Benefits of Team Teaching to Students and Instructors

In our blended model, we already know the value of team teaching to maximize student learning and support one another as a staff and faculty delivery team. Team teaching:

  • Allows students to learn from diverse instructors, who have different teaching approaches and areas of expertise;
  • Instructors likewise learn from one another or can step in for one another if something goes awry;
  • Large cohorts can be divided into smaller working groups working with each instructor, which benefits both students and instructors; and
  • Students can learn about teamwork through observing it modelled by a high-functioning teaching team.

In the fully online environment, we expanded this understanding of team teaching to create different roles: ideally, audience-facing speakers work collaboratively with tech hosts who (for example) monitor the chatbox, create breakout rooms, or run audio-visual files. This means that instructors aren’t as distracted by the technology while they’re speaking and students generally have a better quality experience, with seamless transitions and fewer delays while behind-the-scenes tech details are set up.

In a hybrid model, we now need to combine these areas of responsibility, attending to tech, physical, visual, and verbal presence for both the in-person and online audiences.

The Qualities of Good Courses, Period

In June of 2020, our RRU colleague, Dr. George Veletsianos, wrote an article on the qualities of a good online course. He suggested that a good online course is first and foremost informed by issues of equity and justice, or what we might call an orientation to justice, equity, decolonization, diversity, inclusion, and cultural safety. This means being trauma-sensitive and using principles of Universal Design for Learning while addressing the ongoing and systemic trauma caused by colonization, ableism, racism, sexism, heteronormativity, Anglocentrism, and more.

Moreover, Veletsianos stated that a good online course:

1.      is interactive, which is foundational to RRU’s LTRM, as described earlier;

2.      is engaging and challenging;

3.      involves practice—not just watching and reading, but applying learning in action.
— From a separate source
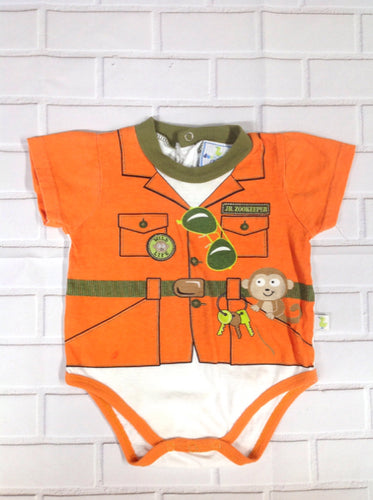 DUCK DUCK GOOSE Orange Print Top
The 70-20-10 learning model, as advocated by our colleague and cultural safety educator, Harley Eagle, suggests that 70% of our learning occurs through practice.

4. is effective in identifying, teaching, and evaluating the skills, abilities, and knowledge students will gain by the end of it;

5.      includes an instructor who is visible and active, and who exhibits care, empathy, and trust for students; and

6.      promotes student agency, autonomy, and flexibility through redistributing power.

Veletsianos argued that “physical proximity isn’t a precondition for good education” and that these aren’t solely the qualities of good online courses; “they are qualities of good courses, period” (para. 15).

As we pivot to a future of hybrid learning, let’s remember these qualities of a good educational experience when assessing whether or not we’re doing hybrid well.

Author notes

1. Thank you to Lisa Corak, George Veletsianos, Niels Agger-Gupta, Cheryl Heykoop, and Keith Webster for their helpful comments on earlier drafts of this post and to everyone at RRU working to make quality hybrid education possible.

2. The context for this post is an educational setting for graduate-level adult learners who are mid-career professionals. Different considerations may be required for children and their parents or undergraduate students.